> [Activity]: Repeat what the lines below say, word for word, and skip every image.

> [Provided data]:
******
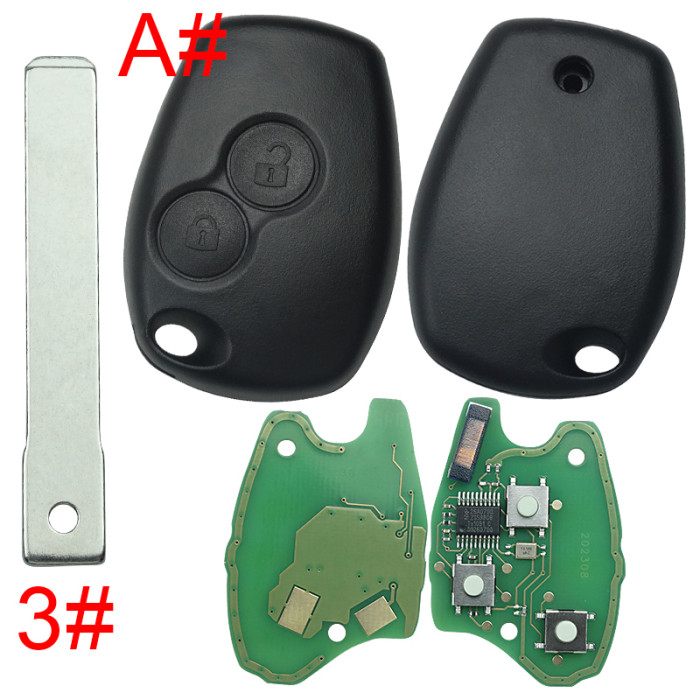 For Renault Clio II,Kangoo II,Master II DACIA:Logan,Sandero,Duster 434mhz with aftermarket 7946 chip before 2008 year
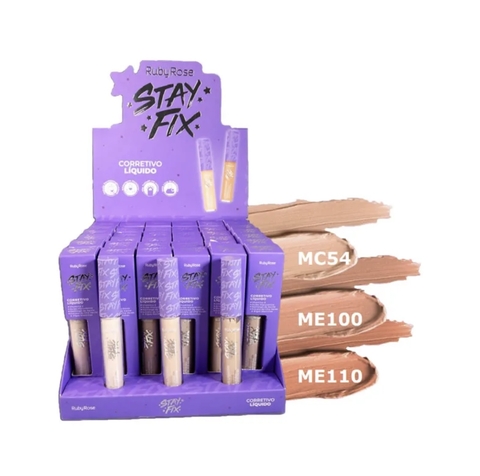 (HB912-2X36) Set x 36 un. Correctores líquidos GRUPO 2 STAY FIX - RUBY ROSE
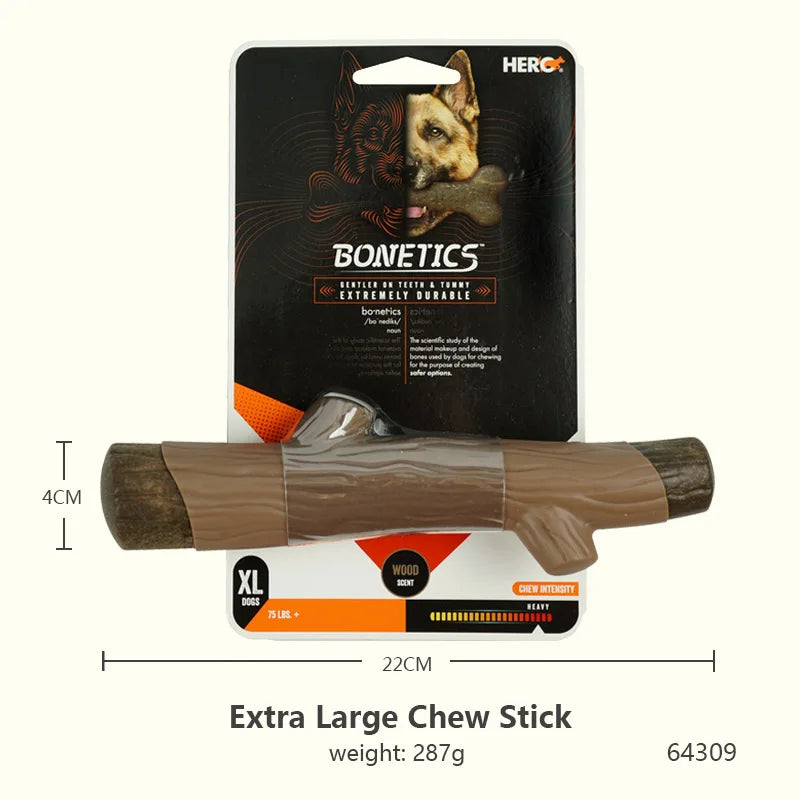 Durable Chew Bone for Dogs - Tough Nylon-Wood Dental Toy (All Sizes)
******
> [Finished task]:
 For Renault Clio II,Kangoo II,Master II DACIA:Logan,Sandero,Duster 434mhz with aftermarket 7946 chip before 2008 year
 (HB912-2X36) Set x 36 un. Correctores líquidos GRUPO 2 STAY FIX - RUBY ROSE
 Durable Chew Bone for Dogs - Tough Nylon-Wood Dental Toy (All Sizes)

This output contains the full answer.